Primera voz: «Es verdad, pero creo que me divertiré un poco con… —se abrió una puerta—… el mensajero». Se cerró la puerta.
Fletcher enrolló el trozo de papel higiénico y se lo metió en el bolsillo. Salió del reservado y, después de lavarse las manos, bajó rápidamente por las escaleras de emergencia hasta la planta de abajo para devolverle la llave a la recepcionista.

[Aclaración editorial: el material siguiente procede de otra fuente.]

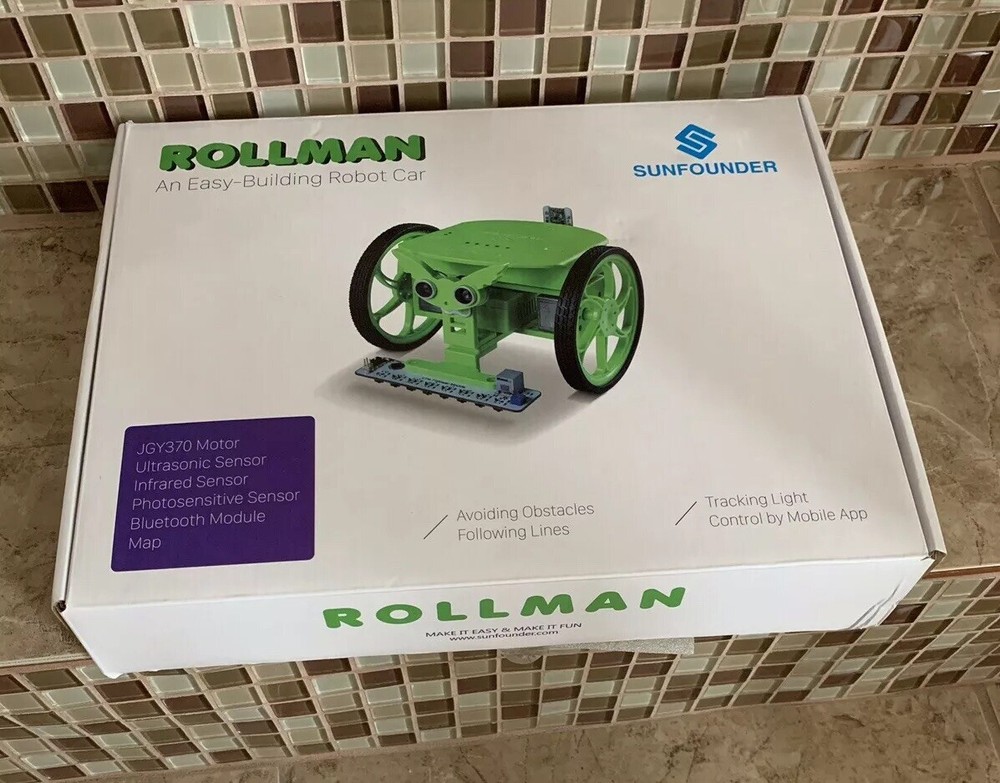 Rollman STEM Learning Educational DIY Robot Kit Block Green New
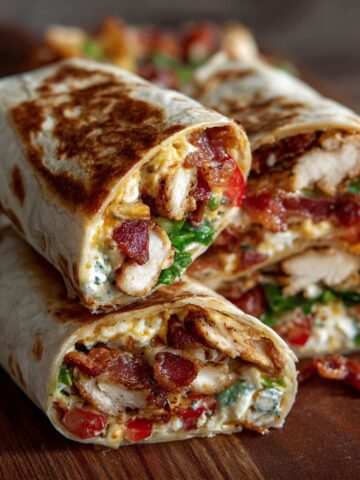 Cheesy Garlic Chicken Wraps with Bacon
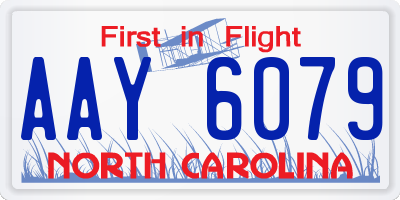 NC license plate AAY6079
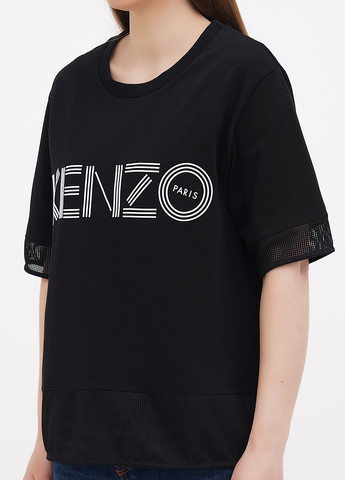 Черная летняя футболка Kenzo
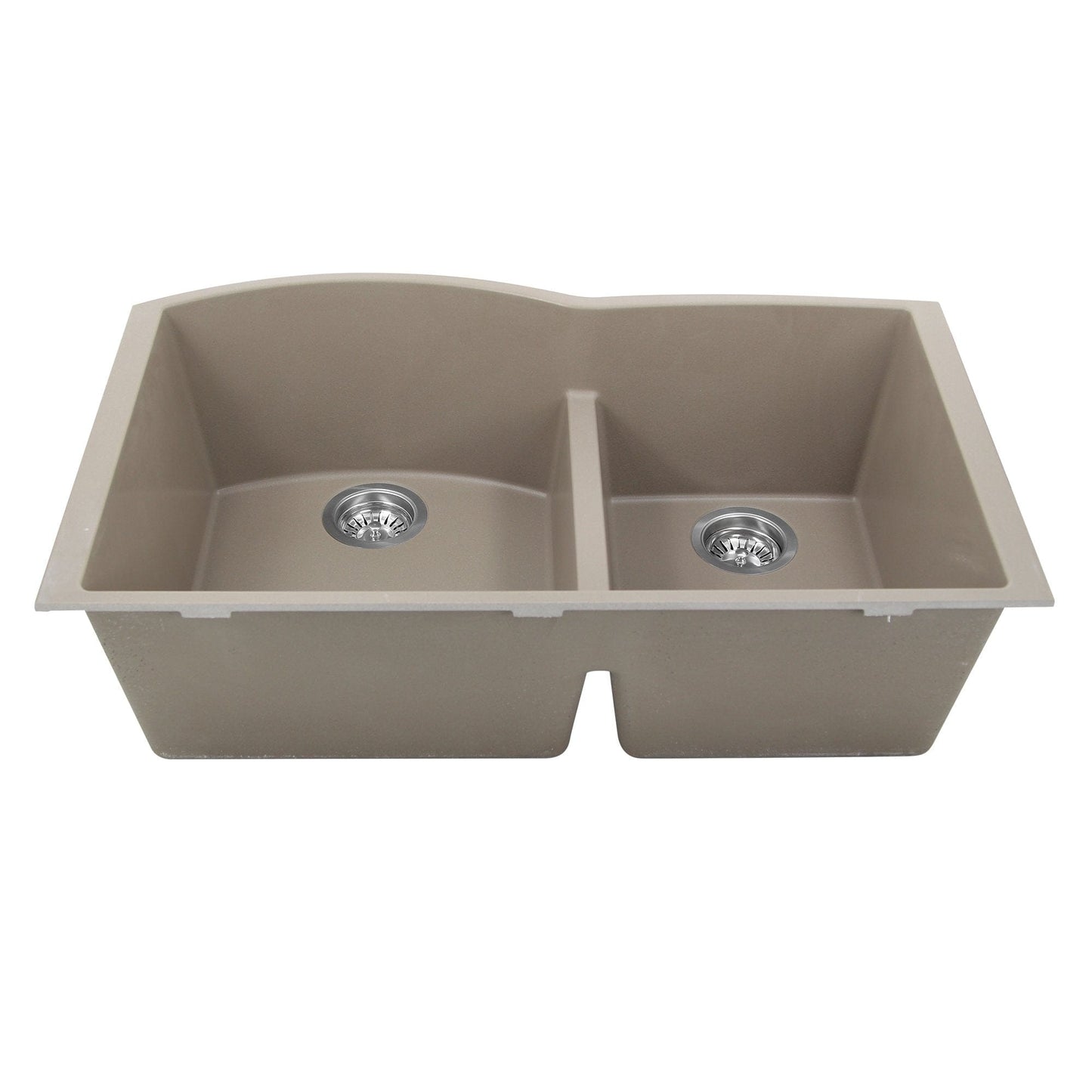 Nantucket 60/40 Double Bowl Undermount Granite Composite Truffle - PR6040-TR-UM, showcasing a sleek dual-bowl design.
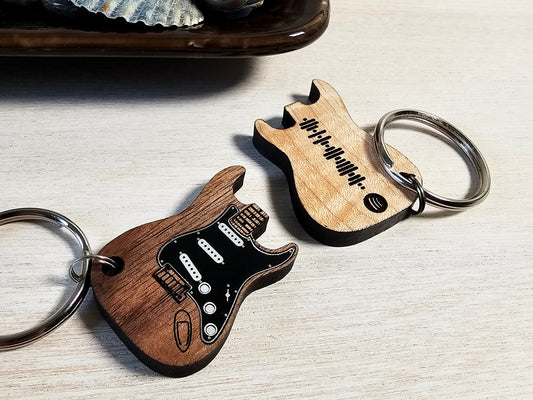 Solid Wood Guitar Keychain and Bag Charm with Spotify Code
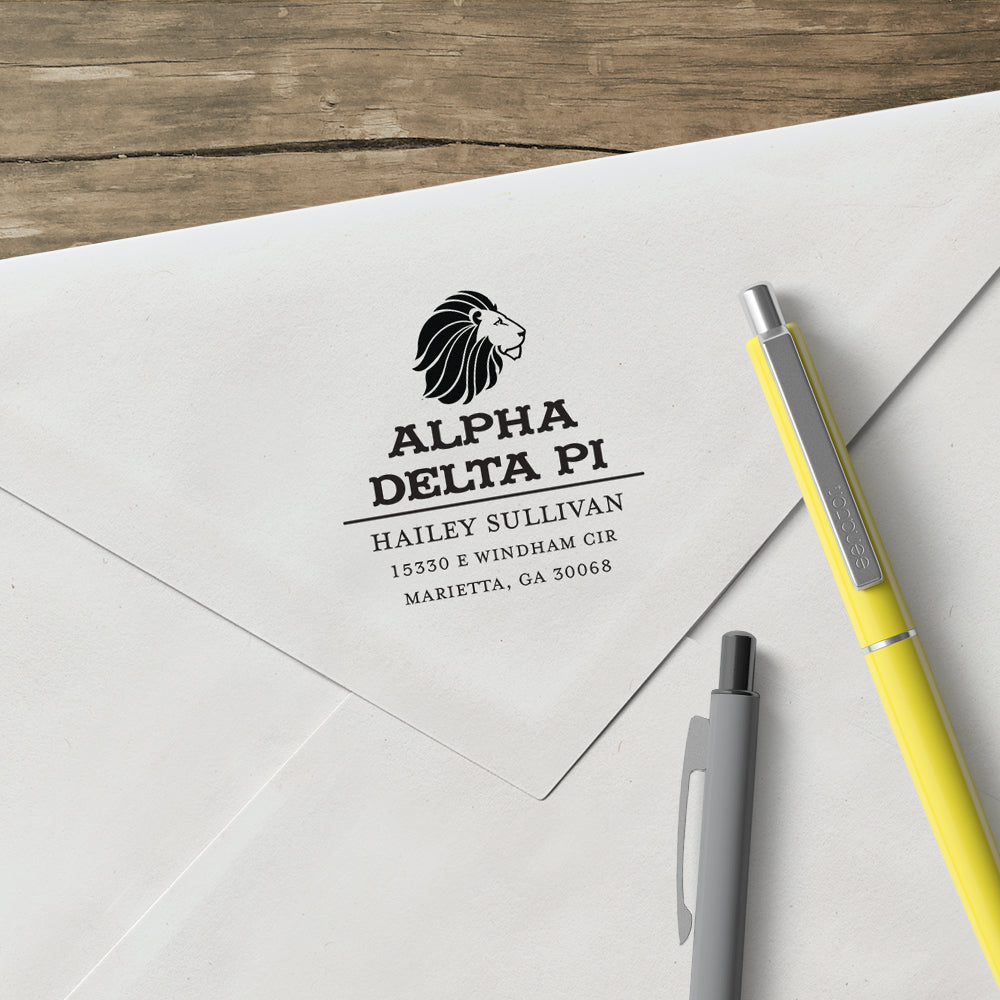 Alpha Delta Pi College Panhellenic Sorority Chapter Name Return Address Custom Designer Stamp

—Muchas gracias —le dijo la empleada en el momento que sonaba el teléfono. Sonrió a Fletcher—. Justo a tiempo. Ya puede subir en el ascensor hasta el piso once. El señor Higgs lo recibirá ahora.
—Muchas gracias.
Fletcher salió de la oficina y llamó al ascensor, pero en lugar de subir bajó al vestíbulo.
Matt Cunliffe estaba desenrollando el trozo de papel higiénico cuando sonó el teléfono.
—El señor Higgs por la línea uno —le comunicó su secretaria.
—Dígale que estoy reunido. —Matt se balanceó en la silla y le guiñó un ojo a Fletcher.
—Pregunta cuándo estará disponible.
—Después de que los bancos cierren el viernes.